О философах и публицистах второго сорта нечего и говорить: этих господ расплодилось до того много, что нынче даже «Московские ведомости» имеют своего публициста в лице М. Н. Каткова, даже «Русский вестник» обладает своим философом в лице г. Юркевича.
На этот раз мы будем говорить о второго сорта поэтах, тем более что г. Вс. Крестовский, издав свои «Стихи», представляет нам весьма удобный для этого случай.

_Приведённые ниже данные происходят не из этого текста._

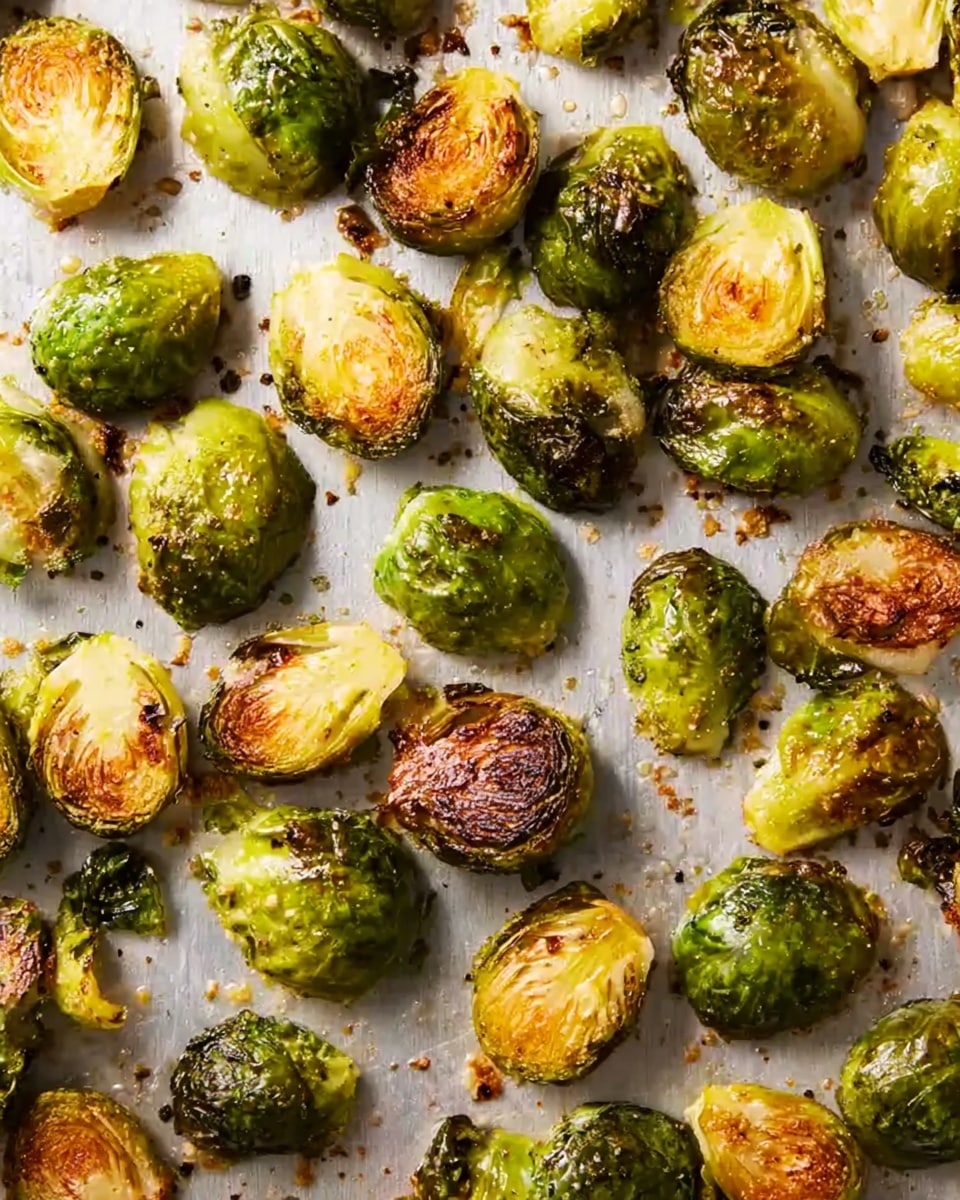 The image shows many halved Brussels sprouts scattered across a light-colored baking sheet with a white marbled surface underneath. Each Brussels sprout has a golden-brown, crispy roasted outer layer, with some edges visibly charred for a crunchy texture. The inner part of the cut sprouts is light green and softer, showing layers of tightly packed leaves. There are small bits of seasoning scattered around, adding a slightly speckled look to the overall shiny and textured surface of the roasted sprouts. Photo taken with an iphone --ar 4:5 --v 7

Повторяем: способность раздражаться чужою мыслью есть способность весьма полезная; но не следует притом упускать из вида, что процесс этого раздражения может происходить тремя путями. Иногда раздражение является в виде преемства мысли; здесь чужая мысль служит только исходным пунктом, из которого усвоивший ее идет далее, то есть не только развивает чужую мысль, но претворяет ее в свою собственную; здесь чужая мысль служит только поводом к пробуждению внутренней самодеятельности человека, и затем дальнейший процесс развития мысли представляется уже процессом постоянного взаимодействия. В этом смысле, Пушкин раздражался Байроном, но это не мешало ему быть вполне самостоятельным, не мешало создать «Русалку», «Галуба», «Медного всадника» и множество других произведений совершенно национальных, не мешало ему даже там, где он является совершенно под влиянием чужого миросозерцания, как, например, в «Подражаниях Данту», быть господином своего образца и полным хозяином своей мысли. Иногда раздражение чужою мыслью действует на человека оглушающим образом, поражает его до такой степени, что отнимает всякую возможность и охоту мыслить и действовать иначе, нежели мыслит и действует образец. В этих случаях раздражение объемлет не только содержание, но и форму мысли, не только действия поразившего нас героя, но и самую личную его обстановку, самые его привычки: манеру причесываться, ходить, держать руки, манеру одеваться. Кто из нас не помнит, какой в этом смысле переполох произвел даже в нашем обществе Наполеон I?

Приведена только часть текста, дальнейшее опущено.